- [Supplied records]
-- Opening Marker --
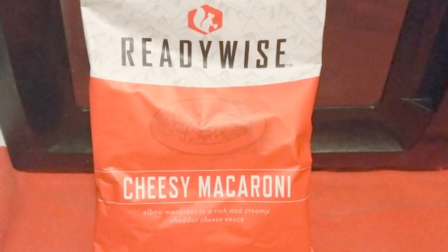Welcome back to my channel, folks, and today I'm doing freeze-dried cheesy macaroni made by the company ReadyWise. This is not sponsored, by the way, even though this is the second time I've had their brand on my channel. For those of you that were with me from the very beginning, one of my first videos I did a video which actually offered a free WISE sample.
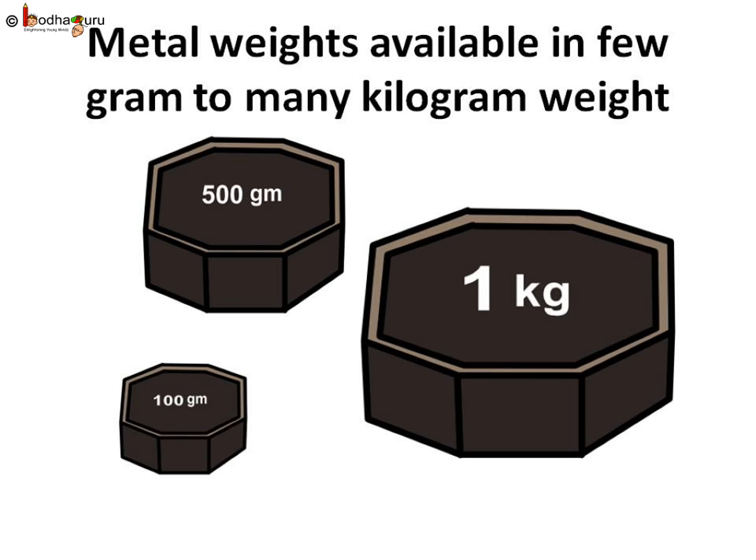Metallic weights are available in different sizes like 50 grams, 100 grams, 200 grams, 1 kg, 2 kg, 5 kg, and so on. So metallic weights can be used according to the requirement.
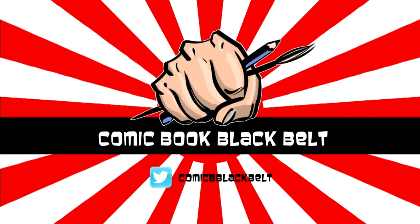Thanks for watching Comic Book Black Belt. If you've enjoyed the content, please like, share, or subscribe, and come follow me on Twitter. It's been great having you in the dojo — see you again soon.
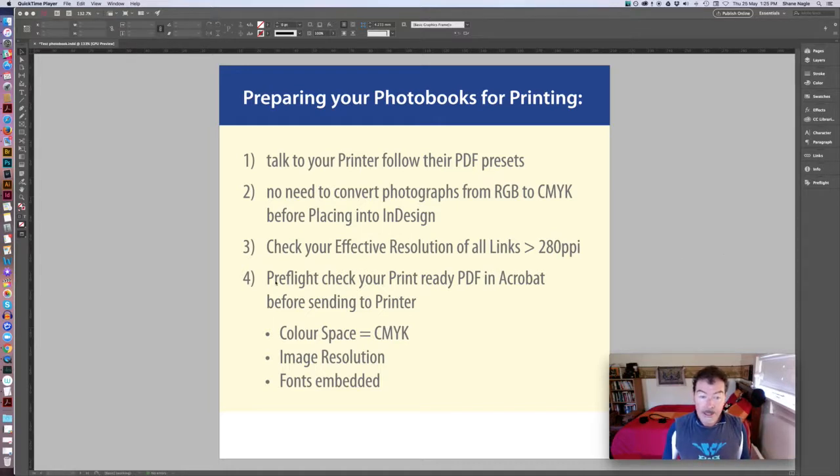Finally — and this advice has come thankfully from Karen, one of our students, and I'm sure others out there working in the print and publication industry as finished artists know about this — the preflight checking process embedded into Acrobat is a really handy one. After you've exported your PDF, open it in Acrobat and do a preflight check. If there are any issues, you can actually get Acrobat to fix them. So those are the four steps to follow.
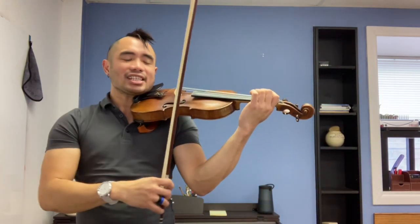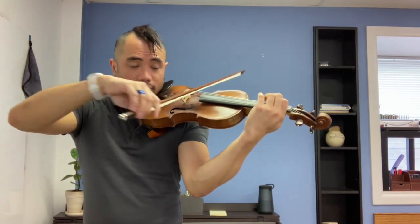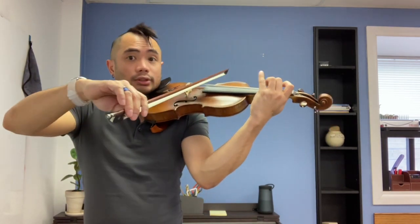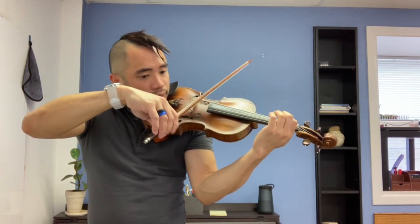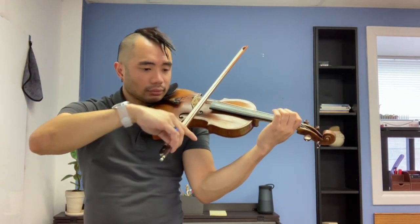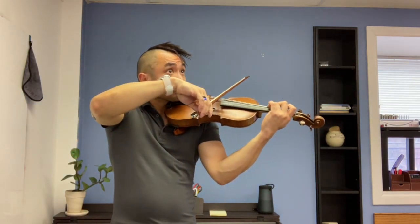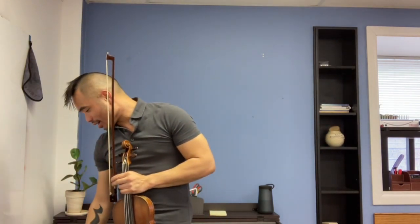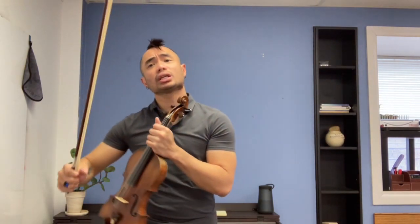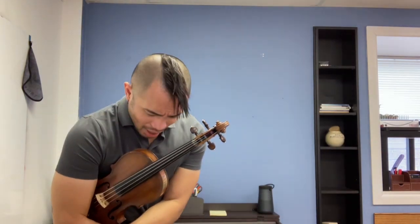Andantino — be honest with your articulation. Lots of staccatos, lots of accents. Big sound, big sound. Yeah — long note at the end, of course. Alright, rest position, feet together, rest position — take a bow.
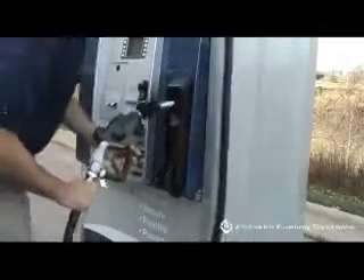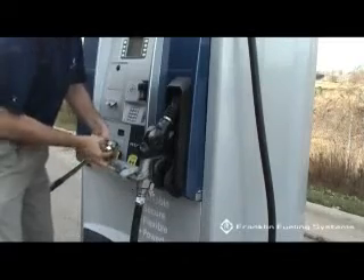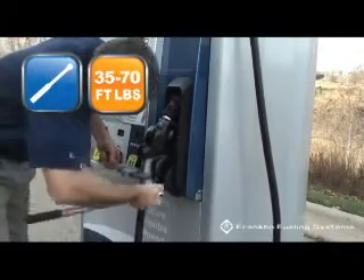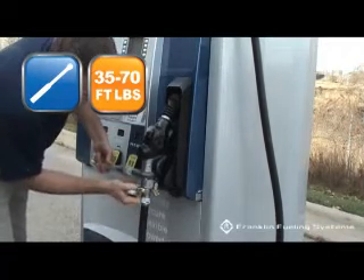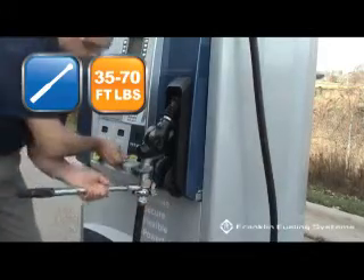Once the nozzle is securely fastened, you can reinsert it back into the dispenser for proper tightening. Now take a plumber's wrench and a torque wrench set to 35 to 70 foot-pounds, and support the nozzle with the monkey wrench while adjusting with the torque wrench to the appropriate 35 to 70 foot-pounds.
-- Closing Marker --
In the transcription, every picture is to be excluded and the records above given again exactly.

- [Answer to this problem]
Welcome back to my channel, folks, and today I'm doing freeze-dried cheesy macaroni made by the company ReadyWise. This is not sponsored, by the way, even though this is the second time I've had their brand on my channel. For those of you that were with me from the very beginning, one of my first videos I did a video which actually offered a free WISE sample.
Metallic weights are available in different sizes like 50 grams, 100 grams, 200 grams, 1 kg, 2 kg, 5 kg, and so on. So metallic weights can be used according to the requirement.
Thanks for watching Comic Book Black Belt. If you've enjoyed the content, please like, share, or subscribe, and come follow me on Twitter. It's been great having you in the dojo — see you again soon.
Finally — and this advice has come thankfully from Karen, one of our students, and I'm sure others out there working in the print and publication industry as finished artists know about this — the preflight checking process embedded into Acrobat is a really handy one. After you've exported your PDF, open it in Acrobat and do a preflight check. If there are any issues, you can actually get Acrobat to fix them. So those are the four steps to follow.
Andantino — be honest with your articulation. Lots of staccatos, lots of accents. Big sound, big sound. Yeah — long note at the end, of course. Alright, rest position, feet together, rest position — take a bow.
Once the nozzle is securely fastened, you can reinsert it back into the dispenser for proper tightening. Now take a plumber's wrench and a torque wrench set to 35 to 70 foot-pounds, and support the nozzle with the monkey wrench while adjusting with the torque wrench to the appropriate 35 to 70 foot-pounds.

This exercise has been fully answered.